*Task goal*: Images excluded, reproduce each line of the records exactly as it stands.
··· Record excerpts ···
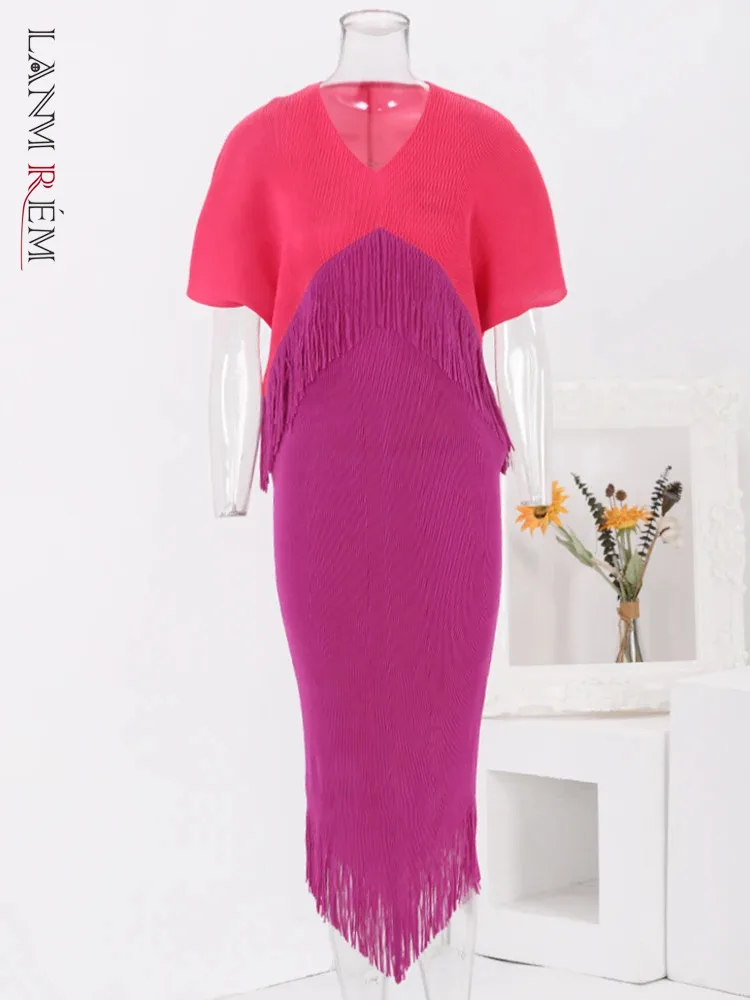 

LANMREM Contrast Color Spliced Pleated Dress Women Fashion Tassel Design Short Sleeves Dresses Elegant 2024 Spring New 2YAa740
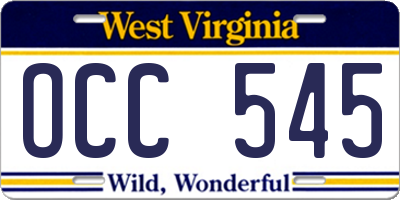 WV license plate OCC545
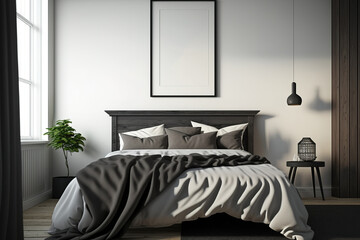 A white bedroom with a framed poster has a dark wood king-size bed with a gray blanket. mockup. Generative AI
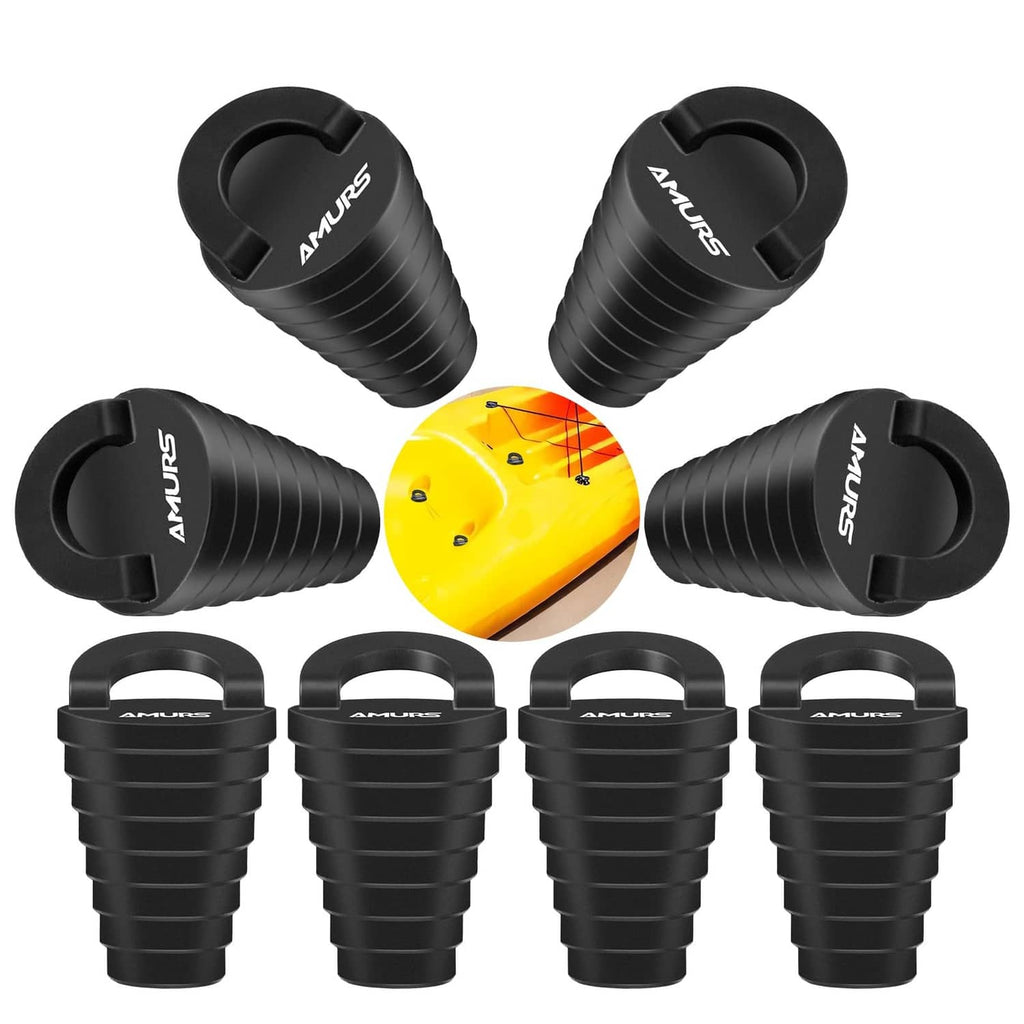 Set of black kayak scupper drain hole plugs with lifting handles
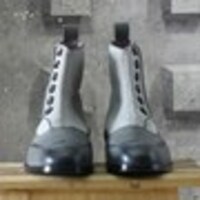 Men’s Gray Button Top Wing Tip Leather Suede Boot - Thumbnail 1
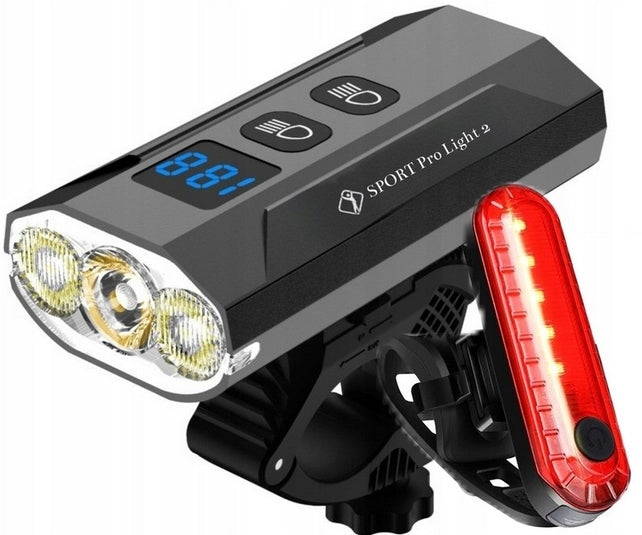 Powerful BICYCLE LIGHT LED light 1200 front rear POWERBANK 5200mA USB ALU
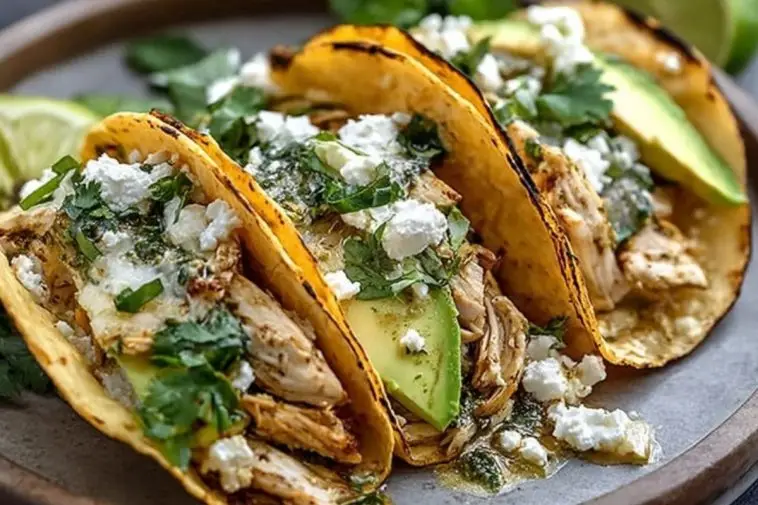 Chimichurri Chicken Tacos with Feta and Avocado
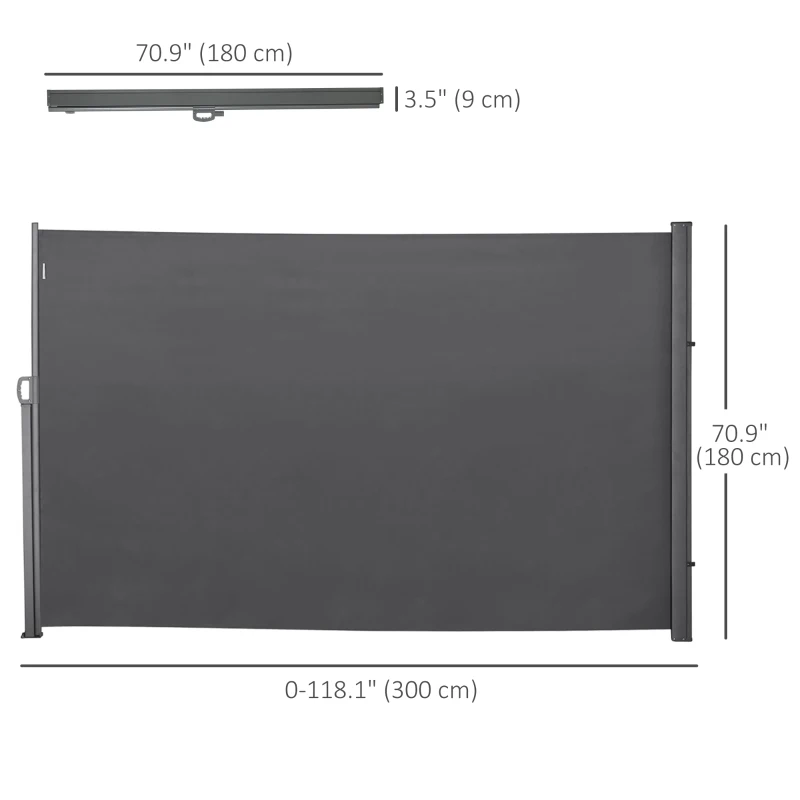 Outsunny 118" x 71" Outdoor Folding Privacy Screen Retractable Side Awning Patio with Resistance to UV Rays and Wind Grey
···
*Answer for this exercise*:
LANMREM Contrast Color Spliced Pleated Dress Women Fashion Tassel Design Short Sleeves Dresses Elegant 2024 Spring New 2YAa740
 WV license plate OCC545
 A white bedroom with a framed poster has a dark wood king-size bed with a gray blanket. mockup. Generative AI
 Set of black kayak scupper drain hole plugs with lifting handles
 Men’s Gray Button Top Wing Tip Leather Suede Boot - Thumbnail 1
 Powerful BICYCLE LIGHT LED light 1200 front rear POWERBANK 5200mA USB ALU
 Chimichurri Chicken Tacos with Feta and Avocado
 Outsunny 118" x 71" Outdoor Folding Privacy Screen Retractable Side Awning Patio with Resistance to UV Rays and Wind Grey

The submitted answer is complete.